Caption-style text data
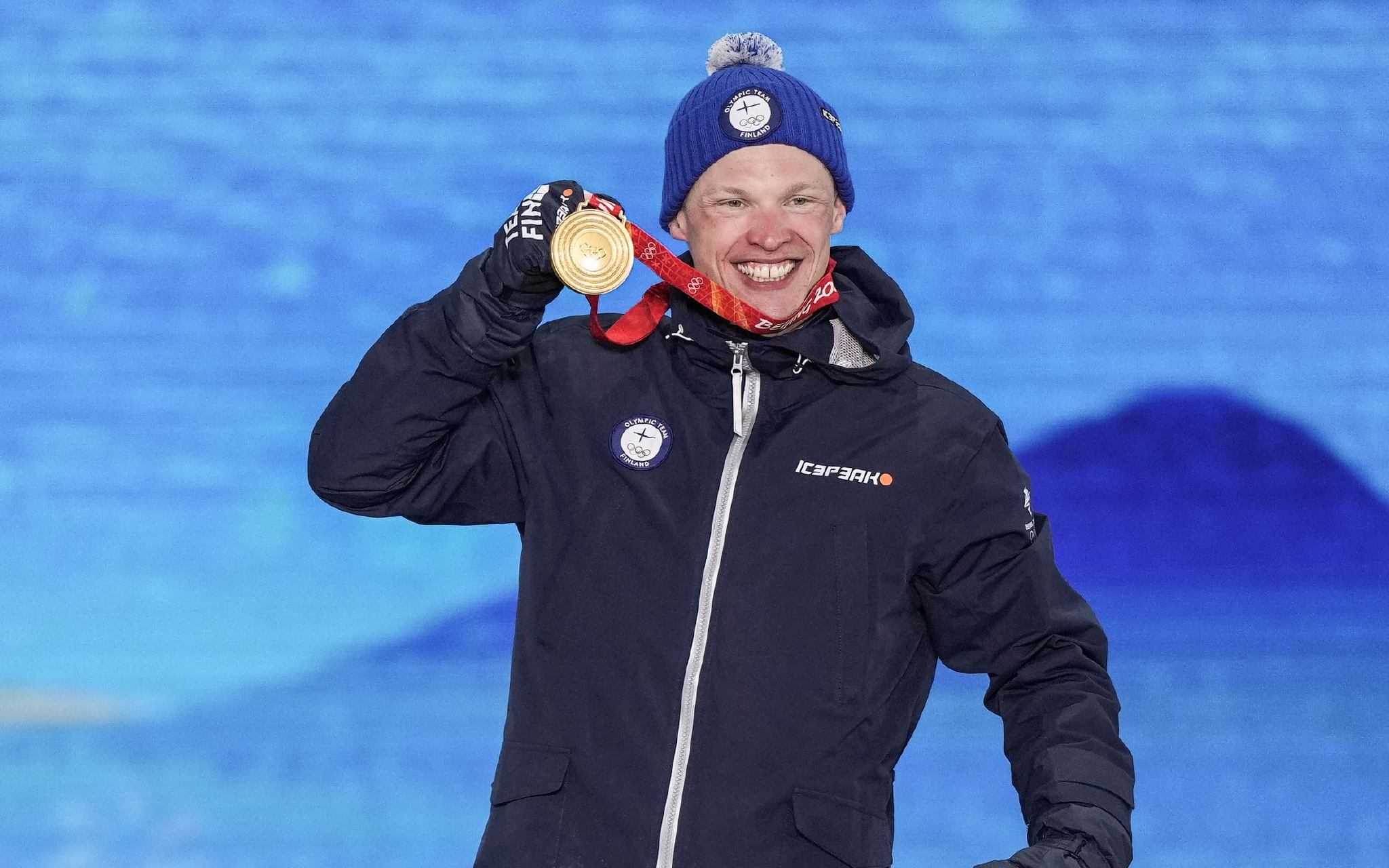 芬兰选手实现逆袭成功拿到奖牌 芬兰选手实现逆袭成功拿到奖牌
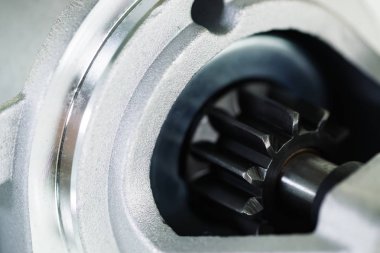 Rotor yakın çekim ile otomobil parçaları arka plan görüntüsü. Metal kısmında büyük siyah pinyon. Dişli parçaları içinde.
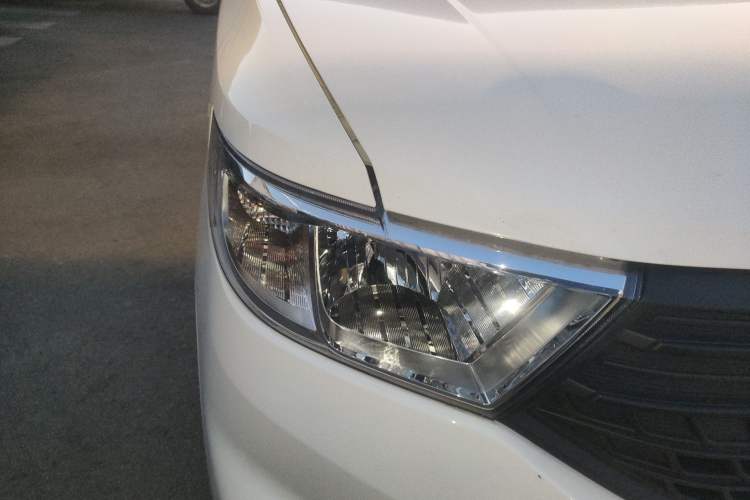 Used Wuling Hongguang V 2022 1.5L Jingqu Version Hydraulic Power Steering LAR Right Front Headlight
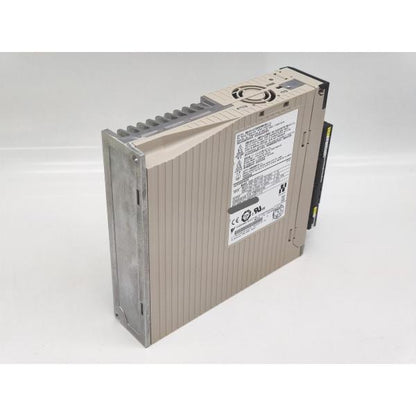 中古 安川電機 YASKAWA SGDV-R70F11A その1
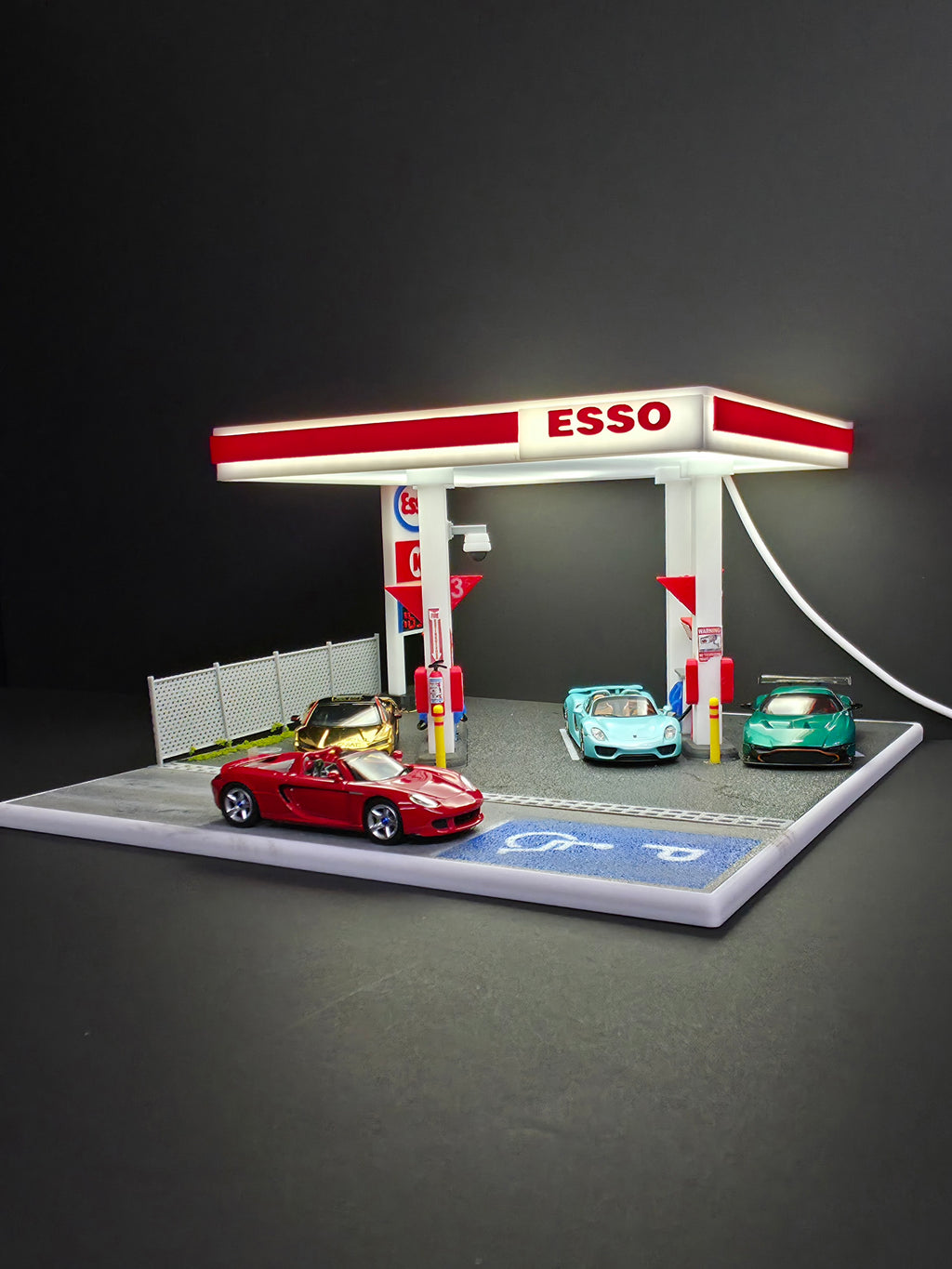 1:64 Esso Gas Station Diorama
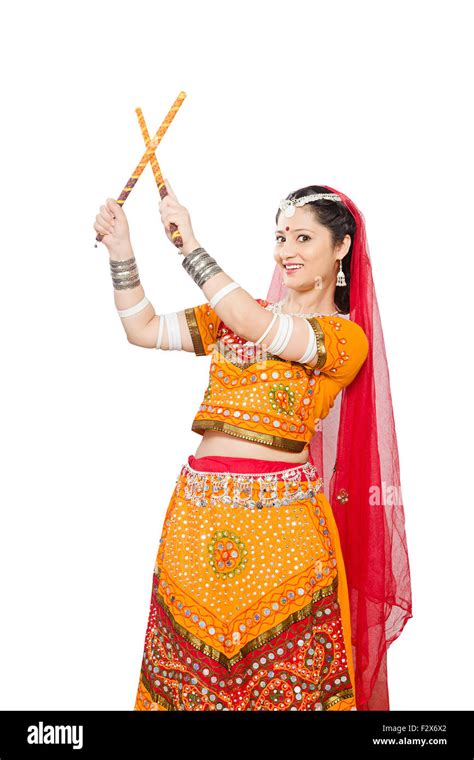 1 indian Rajasthani woman Navaratri Dandiya dance Stock Photo - Alamy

EXERCISE: Set down the lines of the records above exactly, apart from the pictures.

REPLY:
 芬兰选手实现逆袭成功拿到奖牌 芬兰选手实现逆袭成功拿到奖牌
 Rotor yakın çekim ile otomobil parçaları arka plan görüntüsü. Metal kısmında büyük siyah pinyon. Dişli parçaları içinde.
 Used Wuling Hongguang V 2022 1.5L Jingqu Version Hydraulic Power Steering LAR Right Front Headlight
 中古 安川電機 YASKAWA SGDV-R70F11A その1
 1:64 Esso Gas Station Diorama
 1 indian Rajasthani woman Navaratri Dandiya dance Stock Photo - Alamy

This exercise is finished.